Parrot in a backyard in Sierra Madre
Photograph by Dixie Coutant, via Scott's LA

There are conflicting accounts about how these tropical birds got to the desert, the most prominent of which is that an aviary caught fire about half-a-century ago, and the birds escaped (either through a hole in the building or because they were set free to escape imminent death). Pasadena is home to several species of naturalized parrots, and the San Gabriel Valley even has its very own breed, the result of different species mating.

Palm trees

Most pictures I've seen of southern California show a street lined with extremely tall, leaning, skinny palm trees. This is real imagery. Palm trees are everywhere! It is hard to believe I am in Pasadena for grad school and not for vacation.

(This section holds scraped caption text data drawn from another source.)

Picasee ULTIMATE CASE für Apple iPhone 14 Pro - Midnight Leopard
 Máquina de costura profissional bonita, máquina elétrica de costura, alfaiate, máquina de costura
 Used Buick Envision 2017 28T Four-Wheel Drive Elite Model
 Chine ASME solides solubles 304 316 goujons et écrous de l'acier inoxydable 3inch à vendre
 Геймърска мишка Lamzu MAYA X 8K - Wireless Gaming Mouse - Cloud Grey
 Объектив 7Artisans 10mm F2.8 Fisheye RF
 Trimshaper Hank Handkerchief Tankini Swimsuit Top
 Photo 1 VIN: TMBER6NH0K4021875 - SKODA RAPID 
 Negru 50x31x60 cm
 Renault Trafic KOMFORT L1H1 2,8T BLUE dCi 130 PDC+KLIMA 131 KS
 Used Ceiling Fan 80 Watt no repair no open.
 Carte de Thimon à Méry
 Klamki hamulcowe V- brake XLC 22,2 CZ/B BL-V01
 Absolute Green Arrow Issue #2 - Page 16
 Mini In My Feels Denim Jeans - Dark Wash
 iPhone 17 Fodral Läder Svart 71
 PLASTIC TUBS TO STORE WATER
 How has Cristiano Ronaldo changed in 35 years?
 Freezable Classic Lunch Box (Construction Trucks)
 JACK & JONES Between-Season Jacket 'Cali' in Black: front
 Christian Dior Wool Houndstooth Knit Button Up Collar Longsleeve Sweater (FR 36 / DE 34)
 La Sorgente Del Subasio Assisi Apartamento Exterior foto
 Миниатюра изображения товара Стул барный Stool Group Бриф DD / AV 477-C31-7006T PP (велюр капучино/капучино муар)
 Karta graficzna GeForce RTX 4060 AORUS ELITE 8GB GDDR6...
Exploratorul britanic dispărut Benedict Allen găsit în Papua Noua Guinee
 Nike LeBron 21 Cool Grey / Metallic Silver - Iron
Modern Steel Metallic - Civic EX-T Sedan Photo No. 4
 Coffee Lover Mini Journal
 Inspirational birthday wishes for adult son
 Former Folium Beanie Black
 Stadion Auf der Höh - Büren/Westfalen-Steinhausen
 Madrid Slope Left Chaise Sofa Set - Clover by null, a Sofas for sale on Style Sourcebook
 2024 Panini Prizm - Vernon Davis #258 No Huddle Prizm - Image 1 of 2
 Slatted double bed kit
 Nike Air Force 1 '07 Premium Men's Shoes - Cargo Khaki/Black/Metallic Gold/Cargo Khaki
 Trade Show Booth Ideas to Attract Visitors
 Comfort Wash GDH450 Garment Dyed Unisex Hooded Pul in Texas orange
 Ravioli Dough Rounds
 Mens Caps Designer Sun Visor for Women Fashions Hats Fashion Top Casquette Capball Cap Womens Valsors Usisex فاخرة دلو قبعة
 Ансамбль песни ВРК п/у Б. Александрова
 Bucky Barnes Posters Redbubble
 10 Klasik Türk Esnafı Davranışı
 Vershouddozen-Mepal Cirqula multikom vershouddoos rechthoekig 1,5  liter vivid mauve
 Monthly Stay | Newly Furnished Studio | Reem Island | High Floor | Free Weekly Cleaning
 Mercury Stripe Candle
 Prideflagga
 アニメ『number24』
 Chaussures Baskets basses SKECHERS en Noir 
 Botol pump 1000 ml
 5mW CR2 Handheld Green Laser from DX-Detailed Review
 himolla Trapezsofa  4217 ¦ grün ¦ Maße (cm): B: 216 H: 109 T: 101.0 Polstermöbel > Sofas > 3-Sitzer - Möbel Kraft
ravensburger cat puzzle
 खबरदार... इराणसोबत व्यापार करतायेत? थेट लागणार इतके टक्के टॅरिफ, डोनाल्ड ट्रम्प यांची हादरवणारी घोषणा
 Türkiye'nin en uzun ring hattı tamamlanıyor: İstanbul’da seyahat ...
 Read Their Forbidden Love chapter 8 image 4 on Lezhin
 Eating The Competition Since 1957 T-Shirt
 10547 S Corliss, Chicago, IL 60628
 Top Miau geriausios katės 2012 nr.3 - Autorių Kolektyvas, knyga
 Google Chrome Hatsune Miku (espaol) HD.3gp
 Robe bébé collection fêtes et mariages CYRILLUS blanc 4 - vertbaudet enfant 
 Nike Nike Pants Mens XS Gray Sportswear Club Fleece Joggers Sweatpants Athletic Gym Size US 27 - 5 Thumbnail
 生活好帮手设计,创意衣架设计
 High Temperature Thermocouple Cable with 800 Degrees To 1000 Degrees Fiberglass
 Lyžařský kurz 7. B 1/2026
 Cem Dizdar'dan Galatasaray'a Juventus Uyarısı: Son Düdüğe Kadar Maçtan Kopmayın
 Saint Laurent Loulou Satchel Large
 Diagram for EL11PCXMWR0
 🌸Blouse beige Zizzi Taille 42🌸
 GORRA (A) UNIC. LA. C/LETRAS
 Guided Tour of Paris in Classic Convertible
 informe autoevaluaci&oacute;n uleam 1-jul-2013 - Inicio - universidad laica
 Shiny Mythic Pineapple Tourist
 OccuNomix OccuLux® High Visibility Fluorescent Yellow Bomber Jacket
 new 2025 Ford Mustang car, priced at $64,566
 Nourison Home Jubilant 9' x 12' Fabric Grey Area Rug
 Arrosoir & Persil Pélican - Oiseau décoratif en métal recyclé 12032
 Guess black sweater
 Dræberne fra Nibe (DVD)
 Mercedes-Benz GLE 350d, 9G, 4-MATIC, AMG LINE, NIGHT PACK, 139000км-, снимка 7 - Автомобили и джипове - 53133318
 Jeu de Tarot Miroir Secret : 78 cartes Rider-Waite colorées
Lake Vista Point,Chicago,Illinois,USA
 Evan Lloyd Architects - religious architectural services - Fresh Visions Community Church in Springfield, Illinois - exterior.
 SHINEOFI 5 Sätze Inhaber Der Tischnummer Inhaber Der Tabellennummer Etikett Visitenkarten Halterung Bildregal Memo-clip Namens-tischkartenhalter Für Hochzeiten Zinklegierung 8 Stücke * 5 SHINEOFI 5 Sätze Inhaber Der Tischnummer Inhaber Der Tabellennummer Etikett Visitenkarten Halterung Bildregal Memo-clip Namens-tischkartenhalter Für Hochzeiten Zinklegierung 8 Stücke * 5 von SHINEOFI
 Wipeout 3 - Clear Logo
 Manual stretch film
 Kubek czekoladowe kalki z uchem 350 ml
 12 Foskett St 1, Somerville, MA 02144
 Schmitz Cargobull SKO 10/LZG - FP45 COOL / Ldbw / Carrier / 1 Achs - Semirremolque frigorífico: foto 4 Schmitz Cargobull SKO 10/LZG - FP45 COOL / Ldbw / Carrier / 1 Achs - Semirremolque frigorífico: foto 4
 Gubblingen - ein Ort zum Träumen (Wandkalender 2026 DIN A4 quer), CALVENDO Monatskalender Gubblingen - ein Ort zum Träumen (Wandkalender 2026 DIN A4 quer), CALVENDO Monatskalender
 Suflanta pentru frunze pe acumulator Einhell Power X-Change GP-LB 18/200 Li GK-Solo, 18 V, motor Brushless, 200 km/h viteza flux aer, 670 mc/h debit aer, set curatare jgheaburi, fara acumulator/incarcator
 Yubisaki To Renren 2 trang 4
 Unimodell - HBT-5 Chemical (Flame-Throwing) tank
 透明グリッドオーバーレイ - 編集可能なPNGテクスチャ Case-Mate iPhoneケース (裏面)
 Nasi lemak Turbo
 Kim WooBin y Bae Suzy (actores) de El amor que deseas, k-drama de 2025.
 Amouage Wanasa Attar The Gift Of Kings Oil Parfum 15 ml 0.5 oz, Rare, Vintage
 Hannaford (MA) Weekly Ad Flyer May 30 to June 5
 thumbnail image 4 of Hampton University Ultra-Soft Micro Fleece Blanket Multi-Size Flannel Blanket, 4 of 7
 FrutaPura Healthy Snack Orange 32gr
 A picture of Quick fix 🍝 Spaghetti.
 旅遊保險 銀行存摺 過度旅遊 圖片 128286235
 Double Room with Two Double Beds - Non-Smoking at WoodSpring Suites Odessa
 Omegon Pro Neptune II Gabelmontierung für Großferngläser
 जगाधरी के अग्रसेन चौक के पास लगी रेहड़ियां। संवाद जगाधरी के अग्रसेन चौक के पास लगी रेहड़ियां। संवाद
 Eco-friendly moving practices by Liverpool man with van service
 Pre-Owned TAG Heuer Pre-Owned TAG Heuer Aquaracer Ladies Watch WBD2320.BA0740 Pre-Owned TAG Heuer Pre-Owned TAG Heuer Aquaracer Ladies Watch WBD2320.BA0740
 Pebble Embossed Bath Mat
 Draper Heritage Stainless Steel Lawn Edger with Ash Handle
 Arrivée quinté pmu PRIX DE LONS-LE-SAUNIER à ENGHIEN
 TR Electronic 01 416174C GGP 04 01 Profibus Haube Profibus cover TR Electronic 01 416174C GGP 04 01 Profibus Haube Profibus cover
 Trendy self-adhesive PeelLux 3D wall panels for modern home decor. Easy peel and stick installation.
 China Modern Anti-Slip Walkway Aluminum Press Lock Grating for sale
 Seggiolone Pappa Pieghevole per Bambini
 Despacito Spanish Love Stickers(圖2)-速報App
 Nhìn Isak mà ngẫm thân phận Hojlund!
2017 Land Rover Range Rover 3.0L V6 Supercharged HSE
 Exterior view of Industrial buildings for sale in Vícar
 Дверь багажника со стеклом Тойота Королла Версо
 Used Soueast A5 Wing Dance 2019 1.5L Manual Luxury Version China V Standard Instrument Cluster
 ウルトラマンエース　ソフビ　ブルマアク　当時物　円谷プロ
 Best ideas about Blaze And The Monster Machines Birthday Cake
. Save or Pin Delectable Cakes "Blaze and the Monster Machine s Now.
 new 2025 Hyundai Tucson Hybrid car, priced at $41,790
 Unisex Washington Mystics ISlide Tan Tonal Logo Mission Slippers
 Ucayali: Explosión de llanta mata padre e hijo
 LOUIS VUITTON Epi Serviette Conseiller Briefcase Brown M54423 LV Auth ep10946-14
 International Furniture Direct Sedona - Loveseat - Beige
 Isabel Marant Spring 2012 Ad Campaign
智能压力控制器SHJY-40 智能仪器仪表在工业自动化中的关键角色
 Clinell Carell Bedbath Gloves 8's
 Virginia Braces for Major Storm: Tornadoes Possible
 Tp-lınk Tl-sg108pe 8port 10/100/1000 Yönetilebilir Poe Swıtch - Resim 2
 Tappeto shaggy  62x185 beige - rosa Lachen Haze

The traffic here has been the most pleasant surprise. Yes, there is traffic, but the way it was described to me (including by a former LA county resident living in Oklahoma City) is bumper-to-bumper, all the time; what should take 30 minutes will take at least two hours. Thankfully, this has not been the case (although perhaps further west near downtown LA it is actually a nightmare).

But it isn't the quantity of traffic that has surprised me; its the quality. I expected really aggressive city drivers here and, while there are a couple of jerks on the road, drivers overall seem really friendly... like, actually let you merge onto the freeway friendly. Maybe its the four- to five-lane highways, but people go out of their way to give you plenty of space when changing lanes or merging off of the ramp.

And even more surprising: the speed with which people walk. Oh my gosh, people walk so slowly. Pedestrian in the crosswalk when you are turning right on red? Just wait for the green... they might as well be crawling across the street. Again, maybe downtown LA is a different story, but Pasadenans are in no rush (and I'm okay with that).

One last impression before I head off to convocation: Caltech's campus is beautiful; I cannot wait to share it with you.